Everardo vibrou! A notícia serviu para minorar, em parte, o sofrimento que ele vinha passando, desde que chegou em Hamburgo.

Não era para menos. Sua origem, o país estranho, não dominar a língua, o clima, a somatória de tudo influía em sua pessoa, e, na realidade, não estava sendo feliz. Outro ponto. O alemão, por natureza, é um povo frio. Herta não era daquelas mulheres de ficar fazendo carinho a todo instante. Tinha seu grupo de amigos, e era ali que representava estar à vontade. Então, Everardo sentia-se solitário.

A saudade do lar antigo, de Marcelo, o filho que havia deixado com apenas dois aninhos. Jamais, nesse tempo de separação, teve qualquer notícia do menino. Será que ele sentia a ausência do pai?

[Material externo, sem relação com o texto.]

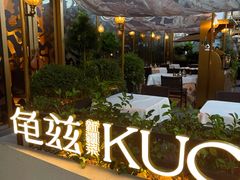 -龟兹KUCINA·新疆菜(前滩L+PLAZA店)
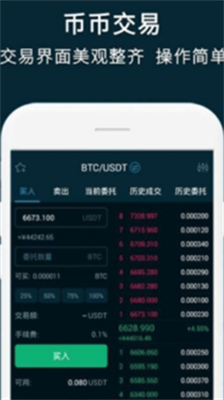 易币付app免费手机版下载-易币付app最新安卓版下载v6.4.8 官方版 运行截图3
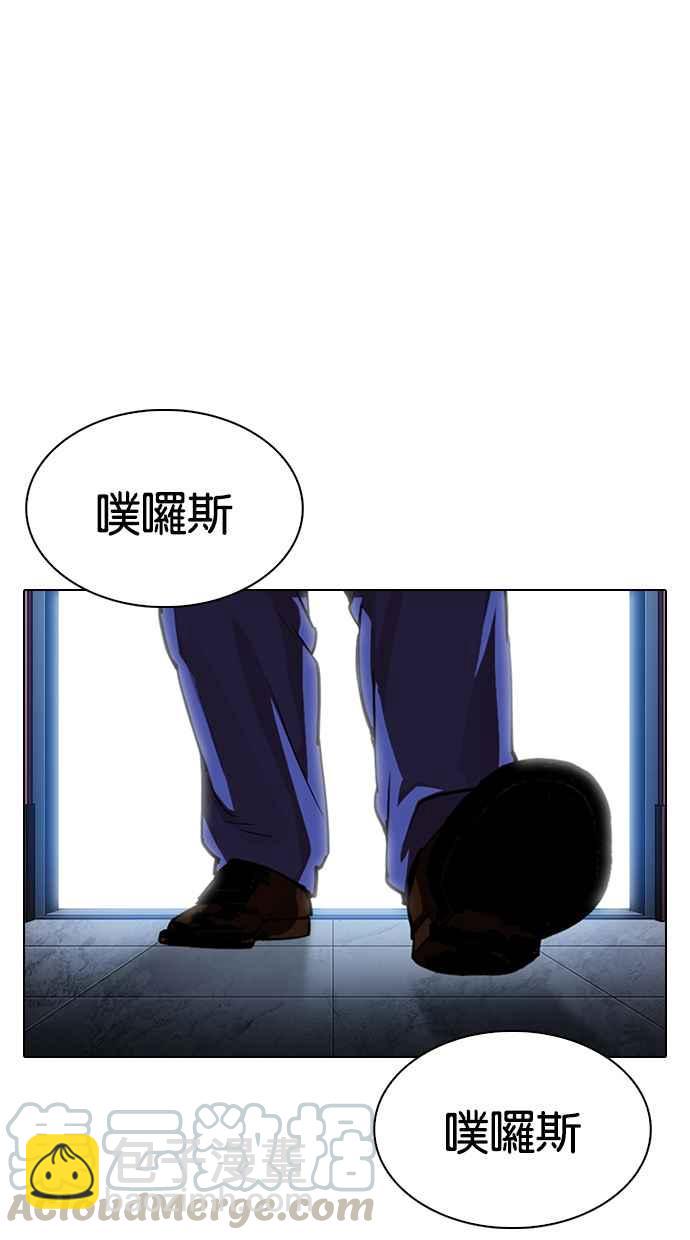 [第319话] 一姟会（第3家子公司） [序幕]118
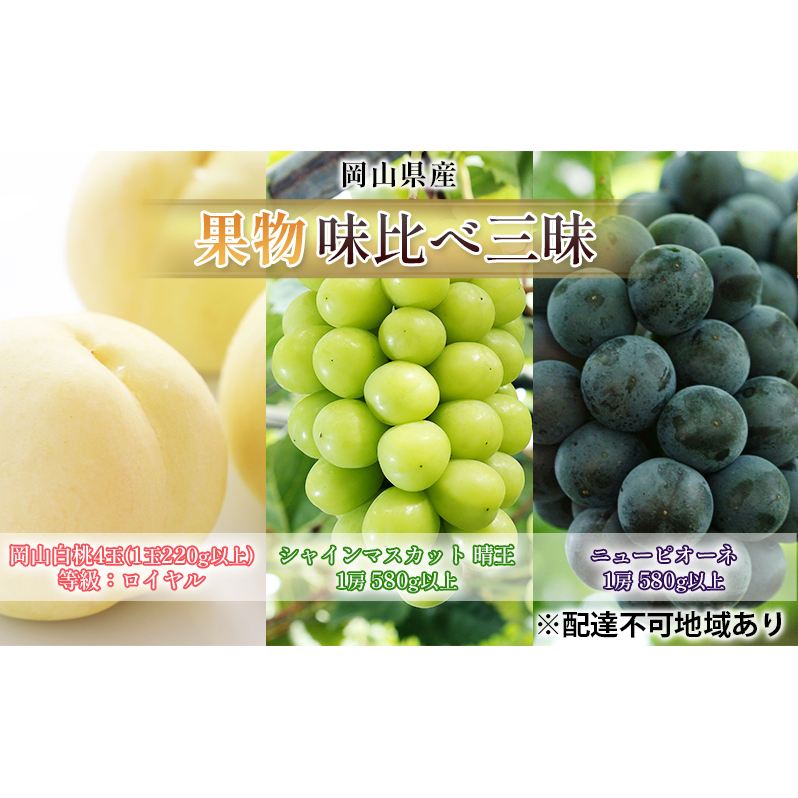 桃 ぶどう 2026年 先行予約 果物 味比べ三昧 岡山 白桃 4玉 等級:ロイヤル(1玉220g以上) シャイン マスカット 晴王 1房 580g以上 ニュー ピオーネ 1房 580g以上 詰合せ 岡山県産 国産 フルーツ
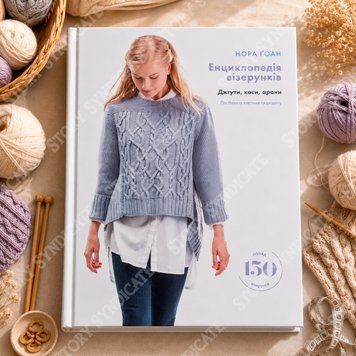 Фото товару Енциклопедія візерунків. Джгути, коси, арани. Посібник із плетіння та дизайну. Нора Ґоан 2794288769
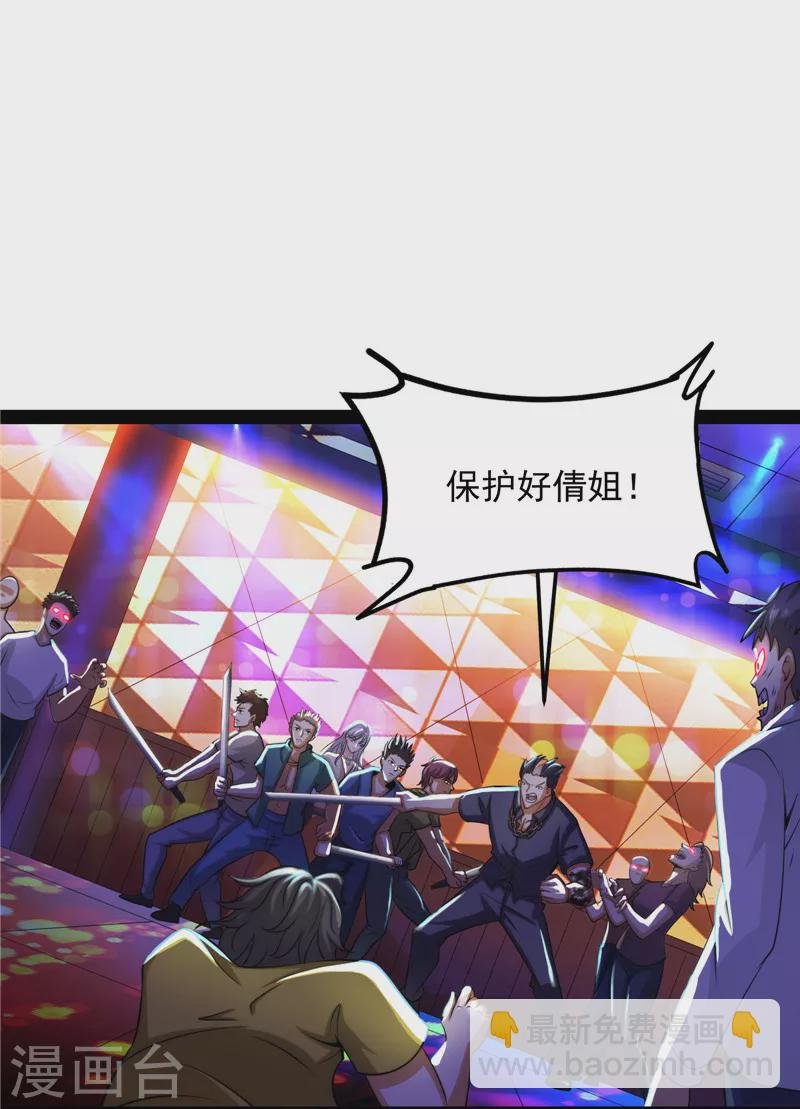 第74话 黑白双娇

Porém, o trabalho, a boa posição que ocupava na empresa, com ótima remuneração, fazia com que ele superasse os momentos de baixo astral.

O tempo, inexorável, foi passando. Dois, três, quatro meses...! Nove meses!

Até que Herta vai para a maternidade. Era chegada a hora!

- Não! Não pode ser meu filho! Em minha família, desde meus ancestrais, inexiste qualquer membro que não seja branco!

Nos braços da enfermeira, lhe era apresentado um bebê muito bonito, forte, mas... Totalmente negro, com cabelinho encaracolado! Uma graça de criança!

IV

Dias depois, Everardo ficou sabendo.

Herta, antes de viajar para o Brasil, quando se conheceram, tivera um romance passageiro com um membro de uma equipe de futebol africana, que havia feito uma excursão pela Alemanha.